**TASK BRIEF:**
Please return every line of the material verbatim and skip any images.

**DATA IN THIS EXERCISE:**

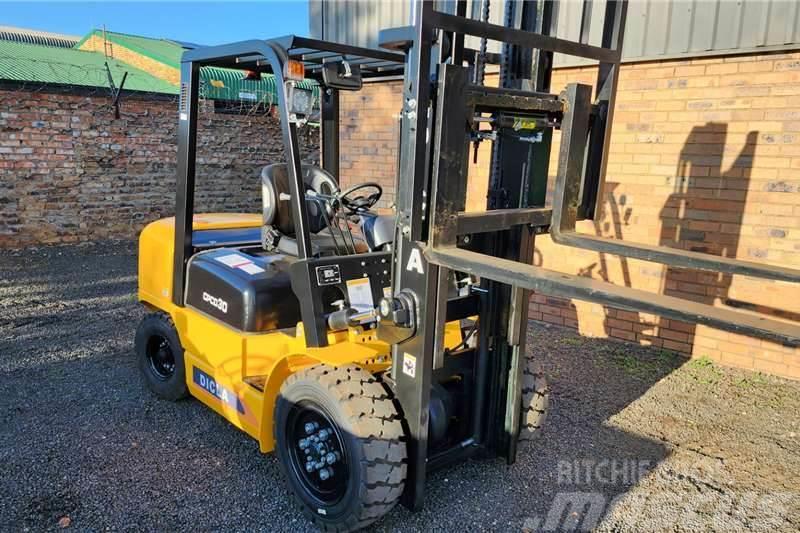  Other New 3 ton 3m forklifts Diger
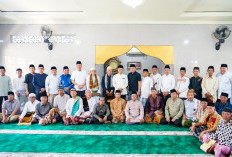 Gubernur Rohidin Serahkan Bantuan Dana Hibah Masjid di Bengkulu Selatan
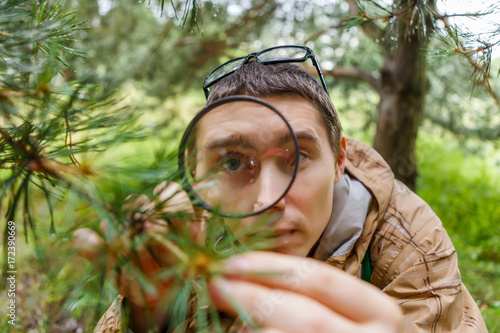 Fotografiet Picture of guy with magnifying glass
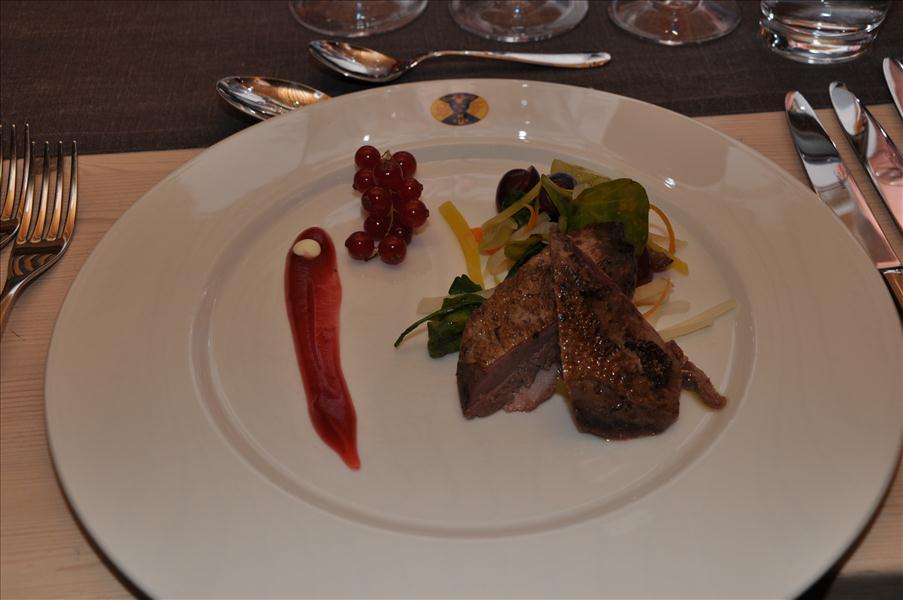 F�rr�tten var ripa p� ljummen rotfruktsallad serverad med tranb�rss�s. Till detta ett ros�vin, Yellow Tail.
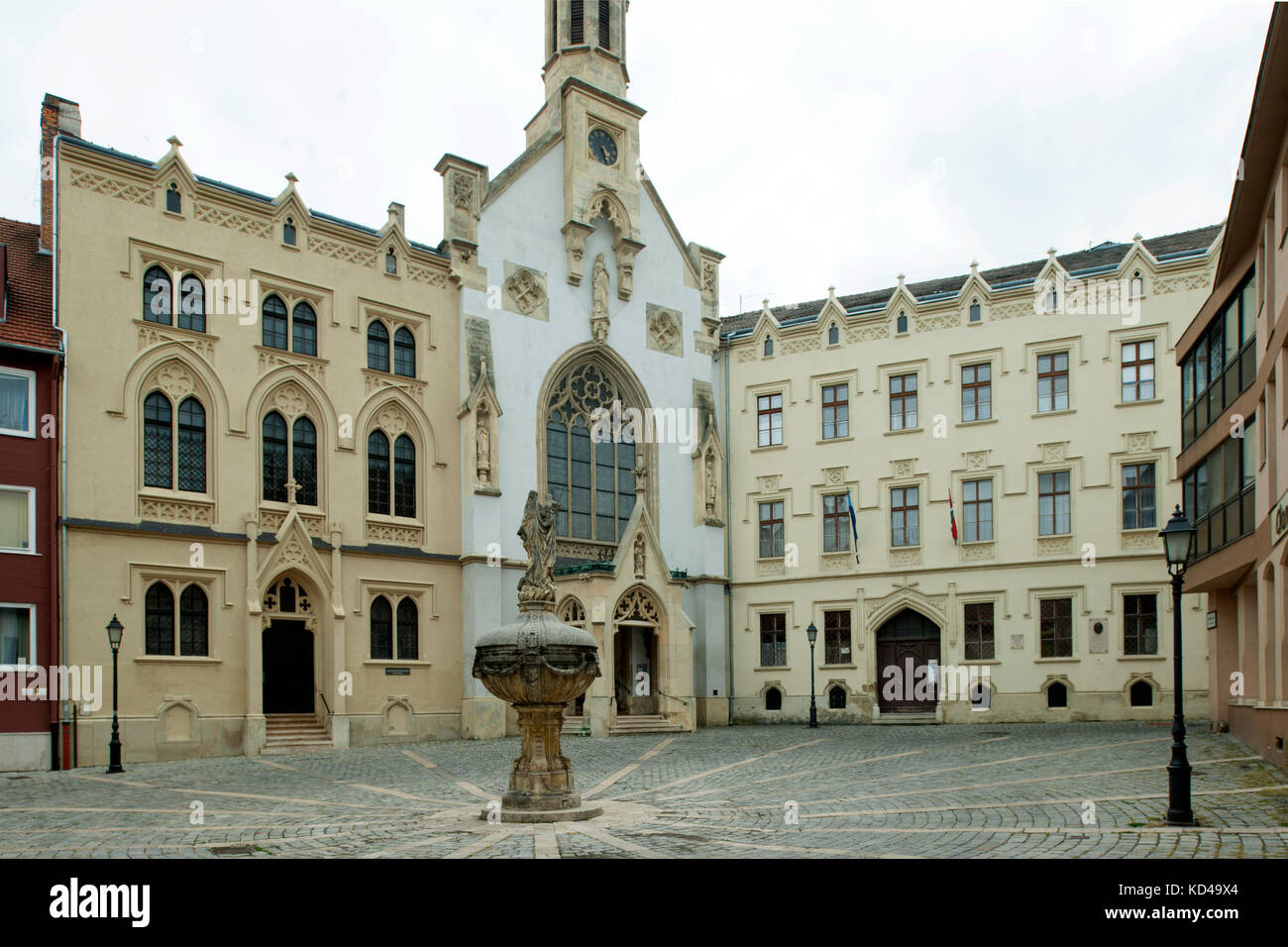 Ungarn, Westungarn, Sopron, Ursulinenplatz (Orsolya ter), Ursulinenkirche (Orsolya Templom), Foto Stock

**REPLY:**
  Other New 3 ton 3m forklifts Diger
 Gubernur Rohidin Serahkan Bantuan Dana Hibah Masjid di Bengkulu Selatan
 Fotografiet Picture of guy with magnifying glass
 F�rr�tten var ripa p� ljummen rotfruktsallad serverad med tranb�rss�s. Till detta ett ros�vin, Yellow Tail.
 Ungarn, Westungarn, Sopron, Ursulinenplatz (Orsolya ter), Ursulinenkirche (Orsolya Templom), Foto Stock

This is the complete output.